■ What the exercise asks: Reproduce only this stretch of the listing below: from the line with "Dailygoods- Grasmaaier Banden" through the line with "Clara Clark Memory Foam Bath Mat - 3 Pack", exactly as written, with pictures excluded.

■ Dataset extract:
-.-.-

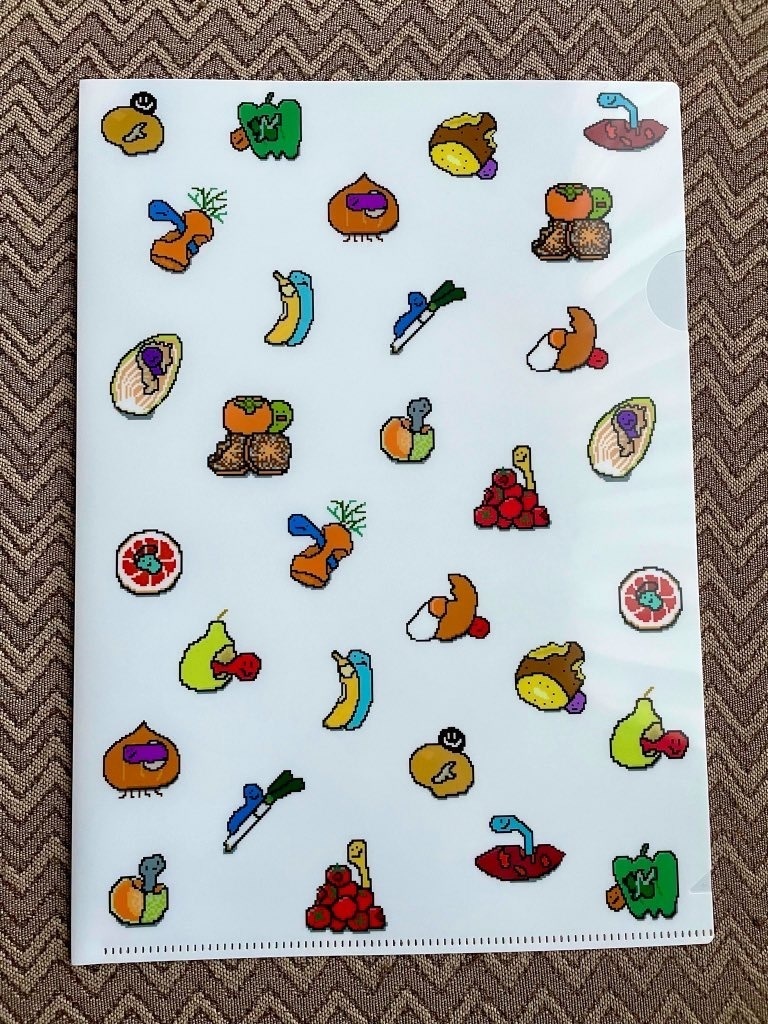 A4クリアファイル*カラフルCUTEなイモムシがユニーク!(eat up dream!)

-.-.-

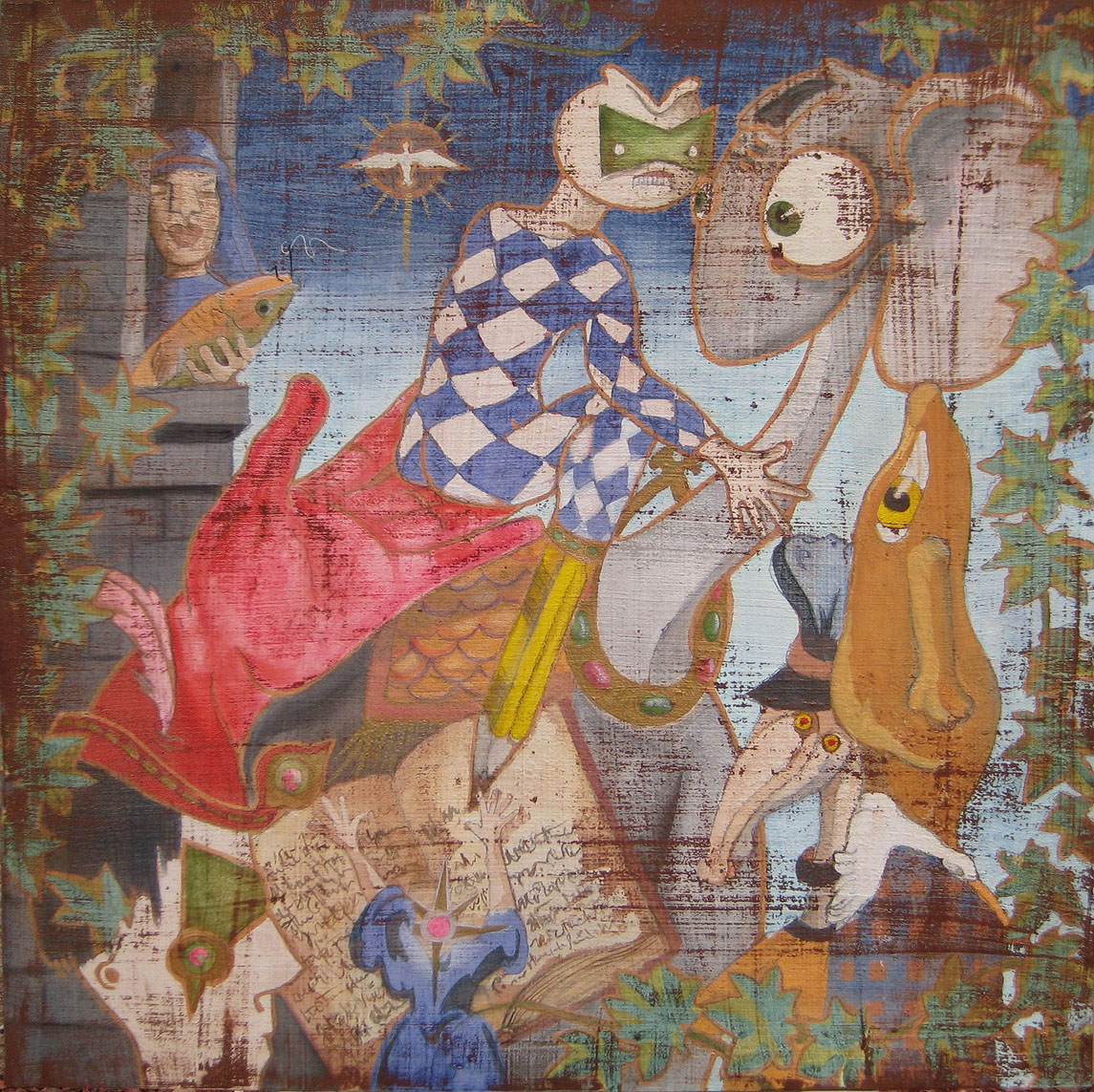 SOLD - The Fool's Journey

-.-.-

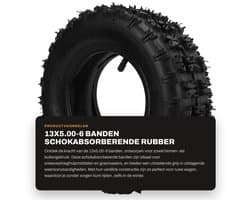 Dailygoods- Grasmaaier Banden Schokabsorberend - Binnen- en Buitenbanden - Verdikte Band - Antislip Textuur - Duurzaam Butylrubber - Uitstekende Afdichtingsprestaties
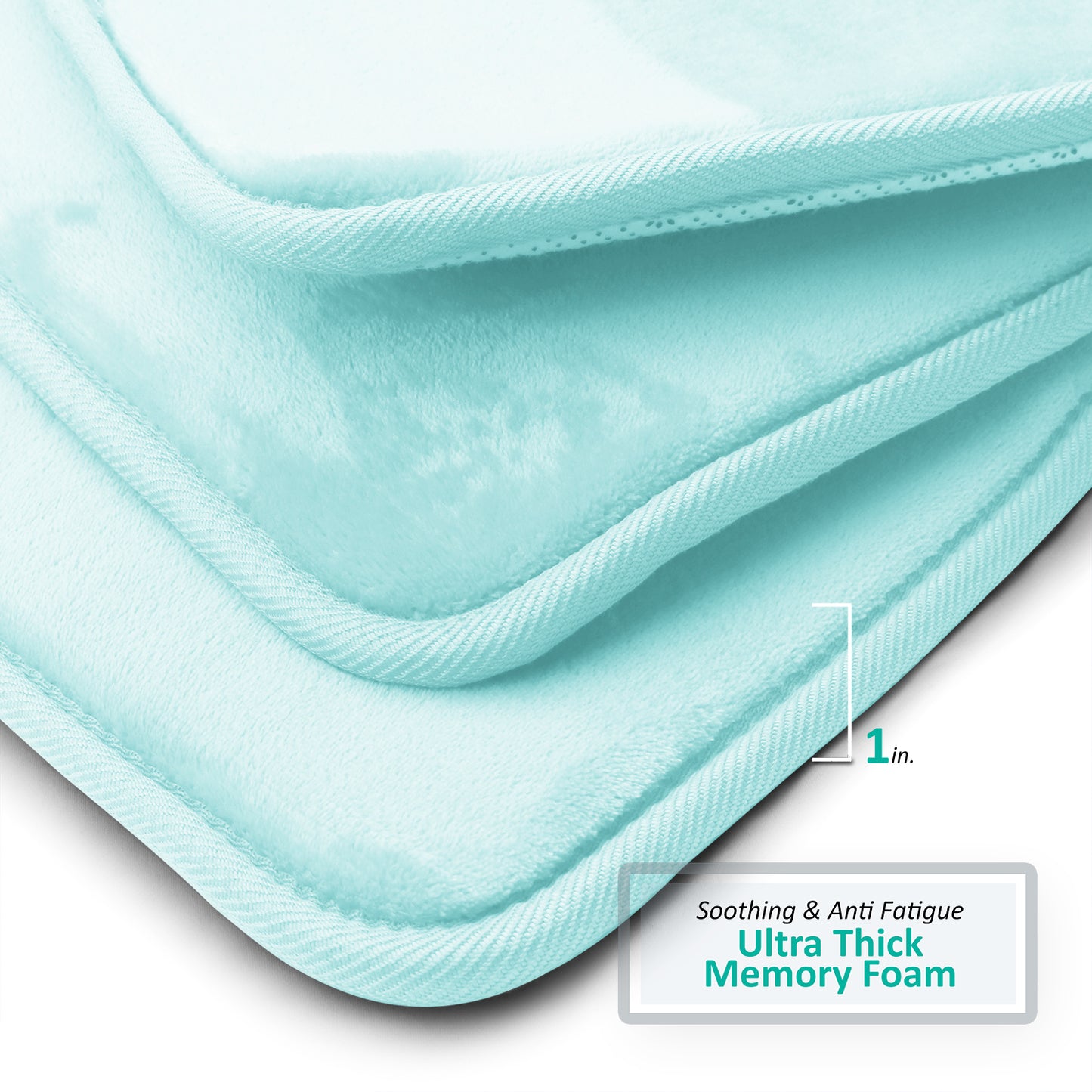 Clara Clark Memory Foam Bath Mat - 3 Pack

-.-.-

■ Finished task:
 Dailygoods- Grasmaaier Banden Schokabsorberend - Binnen- en Buitenbanden - Verdikte Band - Antislip Textuur - Duurzaam Butylrubber - Uitstekende Afdichtingsprestaties
 Clara Clark Memory Foam Bath Mat - 3 Pack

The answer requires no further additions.